Once again, the perception of ordinary objects provides an instructive example. Where the naïve model would have understood object perception as an attempt to reconstruct geometrical shapes, predictive processing is primarily interested in regulating some variable that is relevant to an organism’s survival, protecting that variable “against perturbations that might be incompatible with life.” The perception of objects as separate, whole things “is about the brain making predictions about the sensory consequences of actions…. I perceive this as an object because…my brain somehow knows what would happen if I were to make various actions with respect to it. It’s in that sense that I perceive that it has a back, even if I don’t directly perceive the back.” Because we are oriented towards an object as active beings who can manipulate it, and the object is oriented towards us as something relevant to our condition, the object breaks out of the background perceptual field as a separate thing. Other, less relevant features of our perceptual field might require training to recognize.
Thus the boundaries between perception, understanding, and imagination begin to blur. Each of these are different aspects of a single ongoing process, a single set of cognitive mechanisms. In this sense, “perception and understanding come at the same time,” as Clark put it. And both perception and understanding are inherently acts of imagination, of projecting our beliefs out onto the world and seeing what kind of friction the world sends back.

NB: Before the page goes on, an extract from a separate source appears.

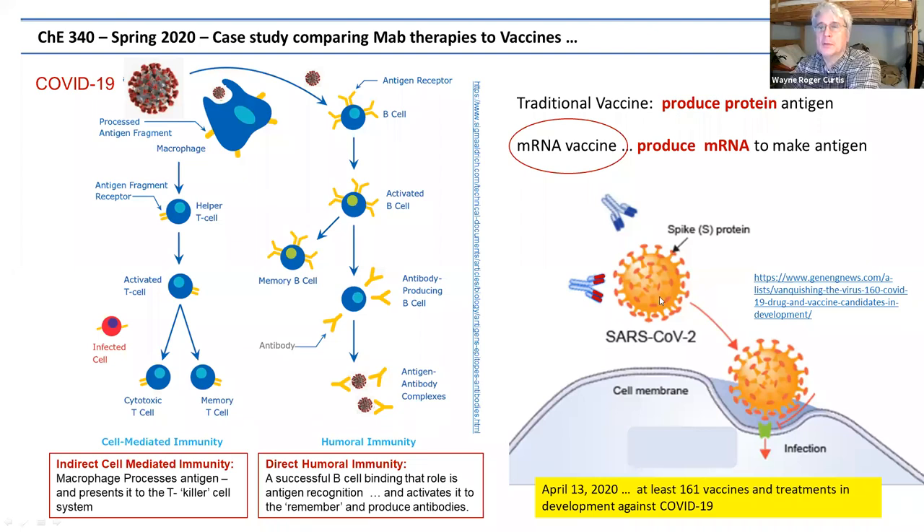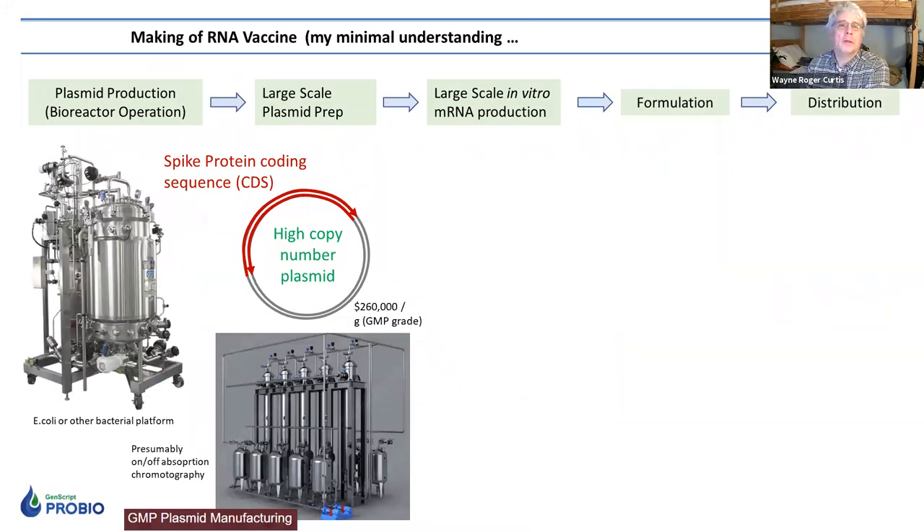This slide is actually from the talk I gave last April. At that time, there had been 161 vaccines and treatments under development. I'm going to look at the process of making mRNA vaccines because it's quite different from, for instance, the lectures I've given on making monoclonal antibodies, though there are some similarities up front. What you're doing here is producing a plasmid, because the plasmid will ultimately give rise to the DNA sequence that will make the message — the message that will be the actual injectable drug.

Clark pointed to an anecdote from ordinary experience: when a curtain moves in your peripheral vision and you perceive it as your dog, before remembering that your dog recently died. But, Clark said, “maybe that’s not a sort of grief-based malfunction, it’s just the prediction machine really doing what it should do: you’ve got strong priors and expectations, you’ve got a bit of sensory evidence, you start to construct the world as it would be, and then you get the prediction error saying no, sorry, it’s not like that.”
The terms “controlled hallucination,” and related ones like “inferred fantasy” and “virtual reality,” are useful rhetorical devices for illustrating what is distinctive about the theory of predictive processing. But Clark is resistant to adopting these terms in full. For none of them quite describes what the theory says about the nature of our perceptual contact with the world. Perception, on Clark’s view, “doesn’t cut us off from the world…instead, it opens us up to the world as it matters to a creature like us.”